E allora contro chi ce l’ha il Parlamento europeo? Ce l’ha con la Chiesa cattolica, la quale, come tanti, i più, ritiene che l’omosessualità sia un disordine morale e una a-normalità, per ragioni culturali, genetiche, fisiologiche o che altro. Oltre a ciò, il Parlamento europeo ce l’ha con quei credenti e con quei non credenti (che solo in italiano e francese si chiamano «laici»), i quali, benché non abbiano problemi riguardo ai diritti degli omosessuali, ne hanno di irriducibili contro la loro richiesta di congiungersi in matrimonio, o comunque si chiami l’istituto giuridico a seconda delle fantasie dei vocabolari europei.

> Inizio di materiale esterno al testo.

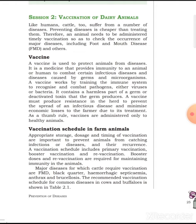There are three types of vaccination: primary vaccination, booster vaccination, and revaccination. Booster and revaccination are required to maintain the immune system of the animal over time.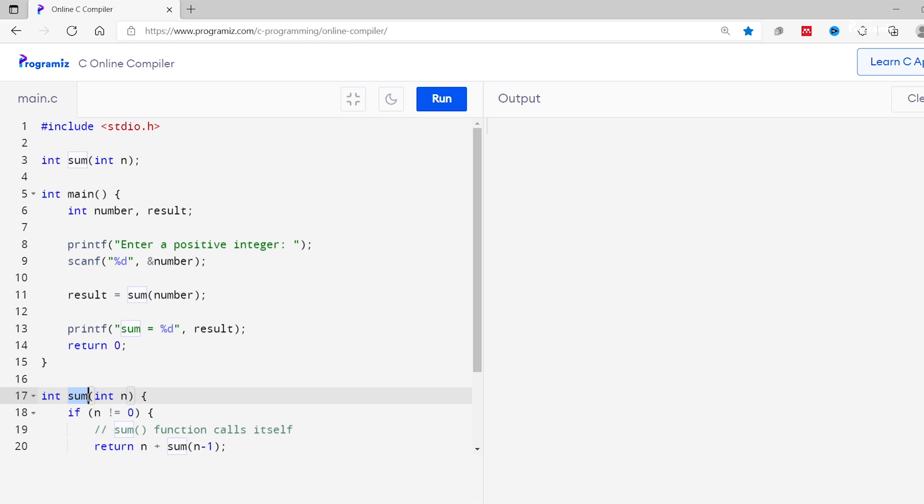Here we have sum function that takes in parameter n. Here n represents the number up to which we have to find the sum. For example, if n is 4 we have to find the sum of 4 numbers: 1, 2, 3 and 4.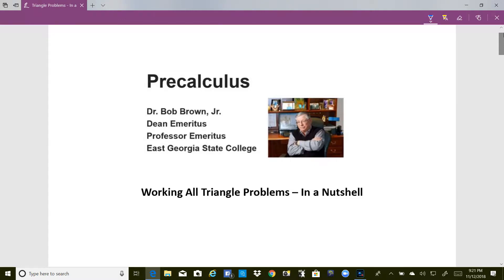Hello, this is Dr. Brown. In this short video we're going to cover in a nutshell the things you'll need to know for test 4, where we will show you how to work all kinds of triangle problems.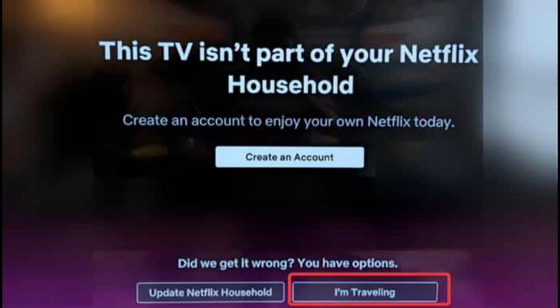Step 3: Enter the verification code on the device you're trying to use. This will confirm that the device is authorized to access your Netflix account while you're traveling. Step 4: Once your device is verified, you can continue watching Netflix as usual. This verification may last for a certain period, often seven days, depending on Netflix's policies. After this period, you may need to verify the device again if you're still traveling.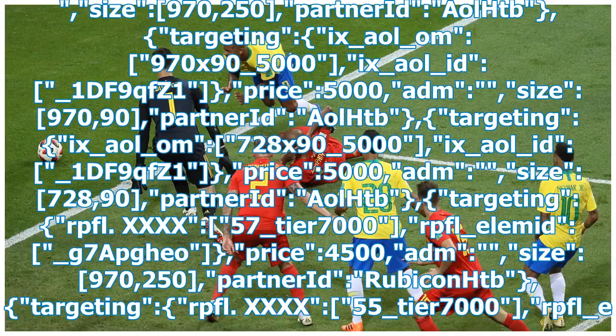Size 970x250, partnered AOLHTB, targeting X_AOL_OM, 970 by 90 underscore 5000, X_AOL_ID underscore 1DF9QFZ1, price 5000, adm size 970 90, partnered AOLHTB.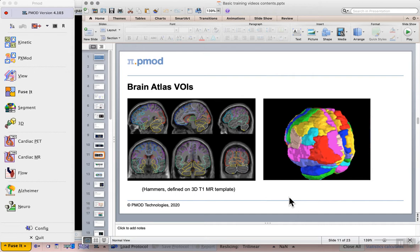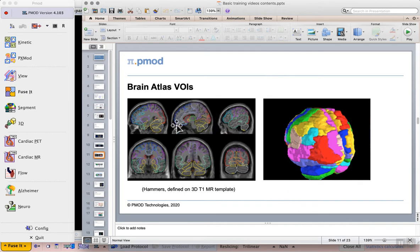In PMOD we provide several templates for the human brain and also for various animal species. These were mostly derived by users in the imaging community and then made available to us or to everybody via online resources. The atlases correspond to an underlying template and in some cases we have not only MR templates but also various PET and SPECT templates available.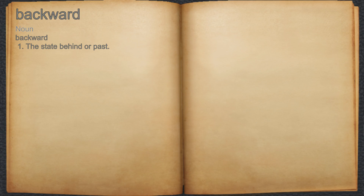5. Backward, noun. 1. The state behind or past.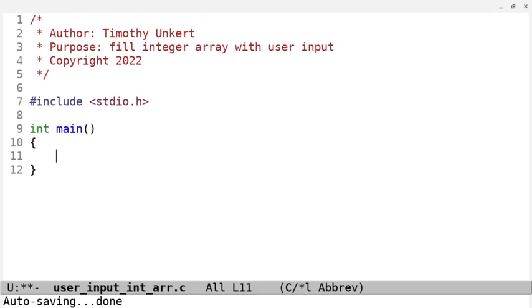Hi, Timothy Ungert here, and in this video, we're going to create an integer array in C and we're going to add some user input to it.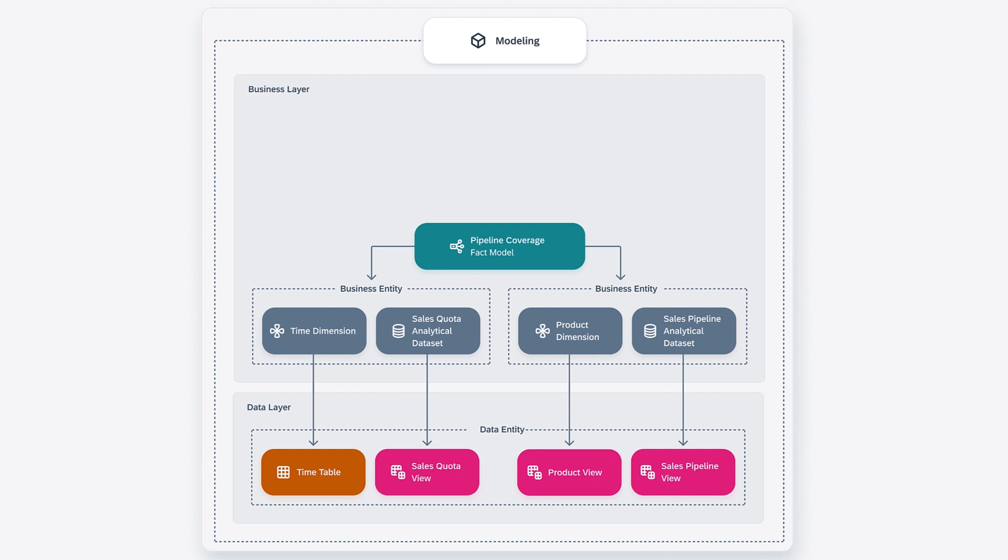You can pre-define an array of measures, attributes, associations and filters that are relevant to a specific business context. The fact models are built on top of the business entities.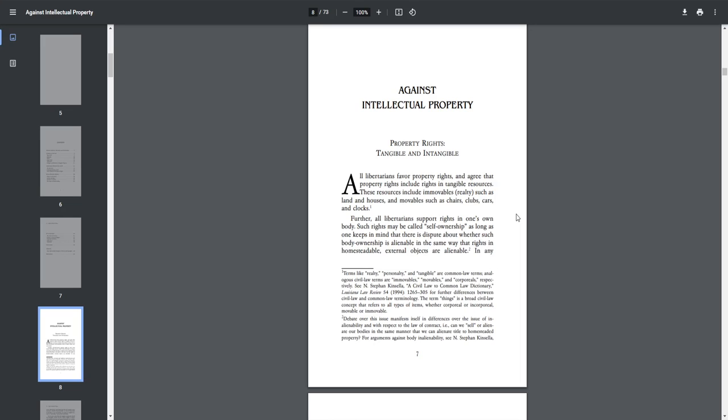Against Intellectual Property by Stephan Kinsella. Property Rights, Tangible and Intangible. All libertarians favor property rights and agree that property rights include rights in tangible resources. These resources include immovables, realty such as land and houses, and movables such as chairs, clubs, cars, and clocks.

E perché il Parlamento europeo ce l’ha tanto con la Chiesa cattolica e coloro che, sul punto, ne condividono la posizione? Perché il Parlamento europeo è la punta avanzata del laicismo europeo, il quale è una delle due valvole mitraliche del cuore dell’ideologia europeista (l’altra, come è noto, è il pacifismo, ma solo se antiamericano e preferibilmente filoislamico).

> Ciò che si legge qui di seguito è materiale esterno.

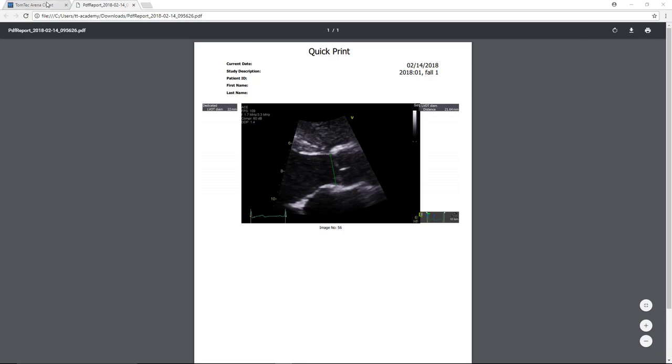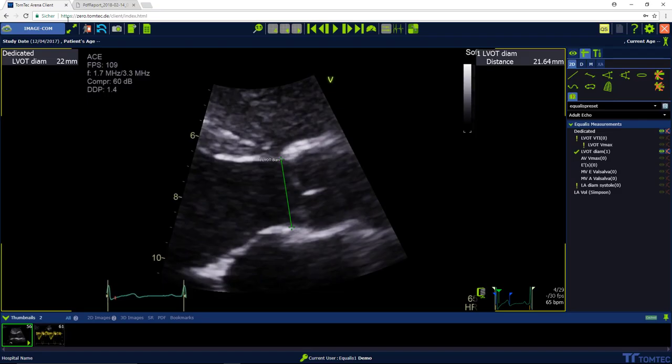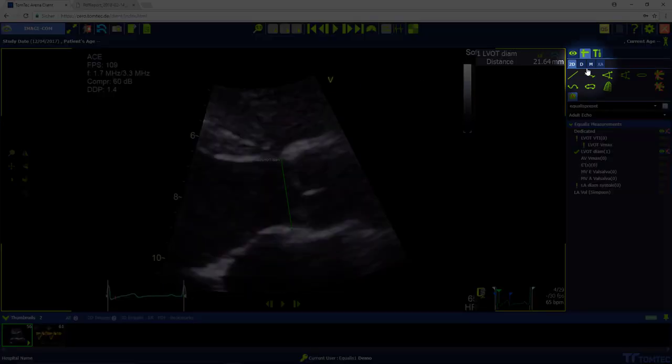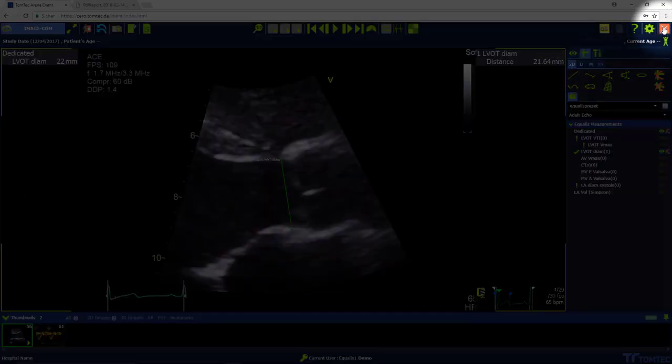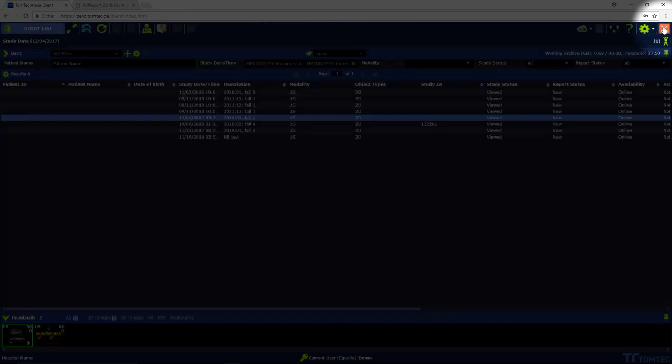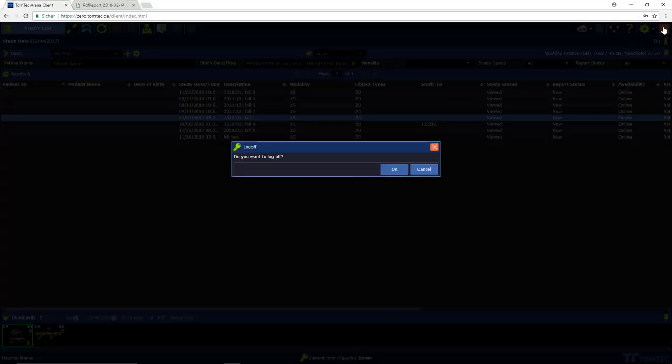After you've finished, you can exit the application by selecting the button Close Image Com. To log off, press Exit.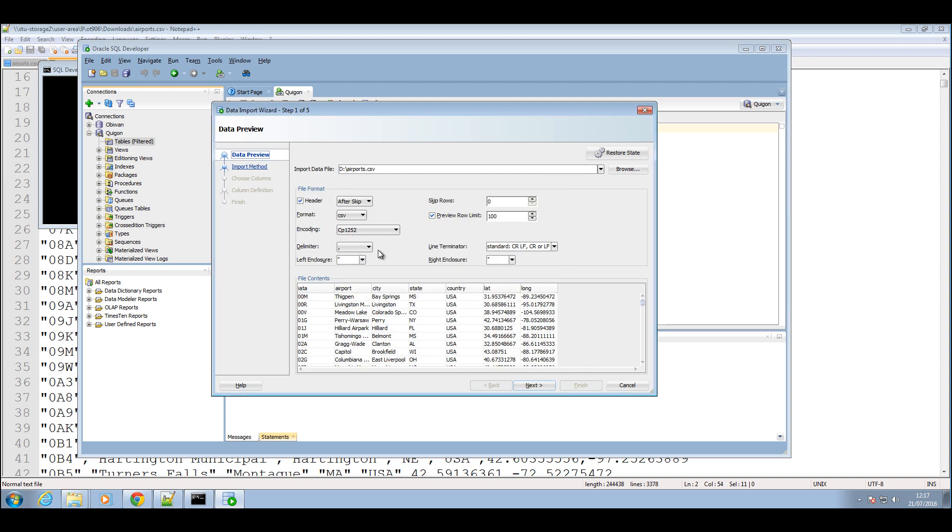If you notice this is a preview of the data. You can click that button to limit how many rows you want to preview. I'm just going to click that so it would display all the rows.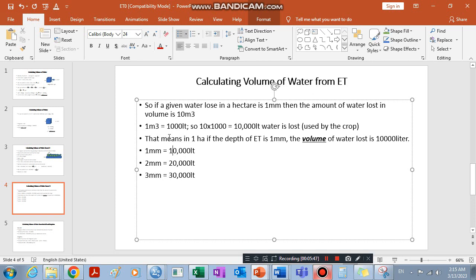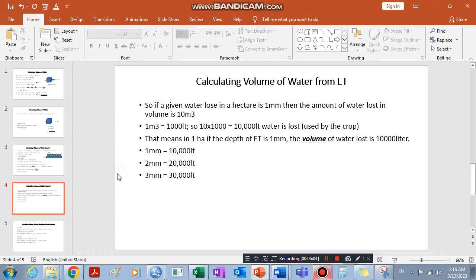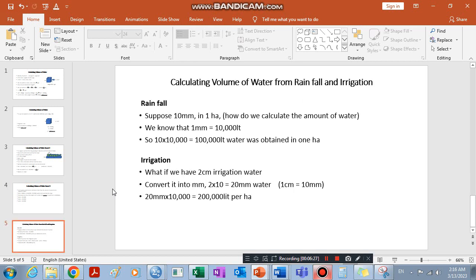When we multiply 10 by one thousand we get 10,000 liters. So if the depth of water is two millimeters we get 20,000 liters, and if it is three millimeters we get 30,000 liters. This way we can calculate the exact amount of water needed — for example, to fill a container for irrigation purposes.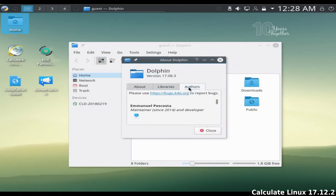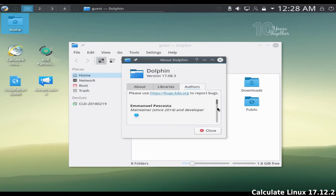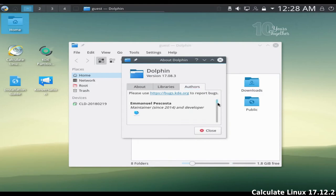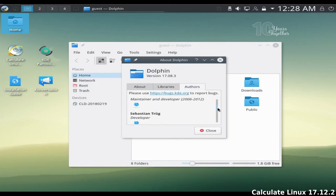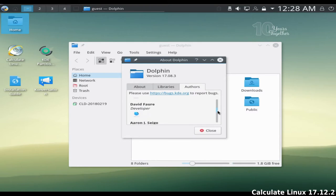8 flavors are now available for download. Calculate Linux desktop supplied with the KDE, Cinnamon, Mate or XFCE environment,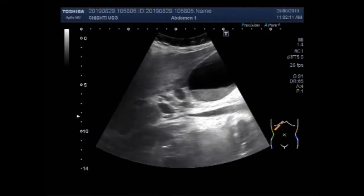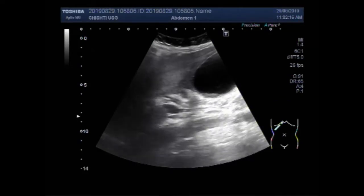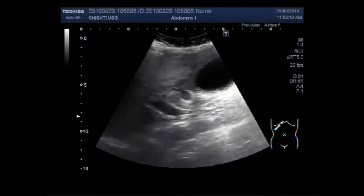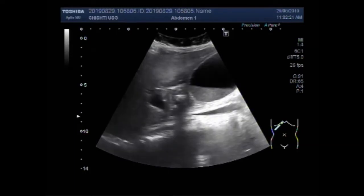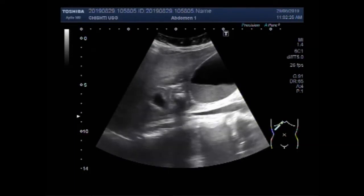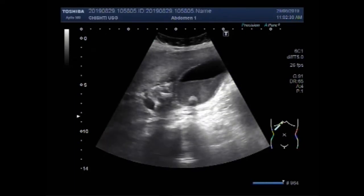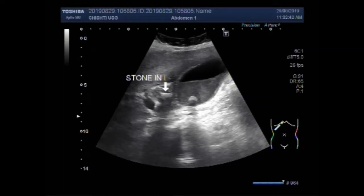I will try to show you both the stones in one image. Now you can see both the stones. This is the stone in the bile duct — that is choledocholithiasis.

Morti il fascismo, il nazismo e, alla fine e per grazia di Dio, anche il comunismo, l’europeismo è l’ultimo (nel senso di più recente) rifugio ideologico dell’Europa, soprattutto quella di sinistra e soprattutto quella che, da sinistra, l’aveva sempre osteggiata quando era atlantica e voleva essere cristiana.
A questa ideologia il laicismo fa così tanto da cemento che attorno a esso si edifica quel poco di identità europea che ancora è ammessa (l’Europa laica contro l’America bigotta) o su di esso si costruiscono partiti politici postcomunisti o postcattolici (in Europa, quella Margherita che si chiama partito liberale, in Italia il partito democratico, che non a caso si è definito «partito laico» e, al primo punto programmatico, ha posto il riconoscimento dei matrimoni omosessuali).
L’odio contro la Chiesa e le sue gerarchie (pericolosissimo perché finirà con l’armare ideologicamente la mano di qualche criminale) e l’apostasia del cristianesimo è ciò su cui oggi si basa l’Europa. Non sapendo più che cosa è, né avendo chiara idea di che cosa vuole essere (se non zona di pace e di ferie), l’Europa fugge da se stessa. Ma poiché senza un interlocutore o un avversario, anche immaginario, che consenta di distinguere «noi» da «loro» non si può esistere, l’Europa, per mostrare che invece esiste, ha fatto la sua scelta: ha puntato al fantasma degli omofobi per combattere il cristianesimo.
Trovato il nemico, fascismo, nazismo, comunismo si inventarono confini, campi e gulag per rinchiudercelo. Ma l’ideologia europeista, come ha scritto un Tale, è «una forza gentile»: al momento si limita alle minacce culturali e alle censure parlamentari.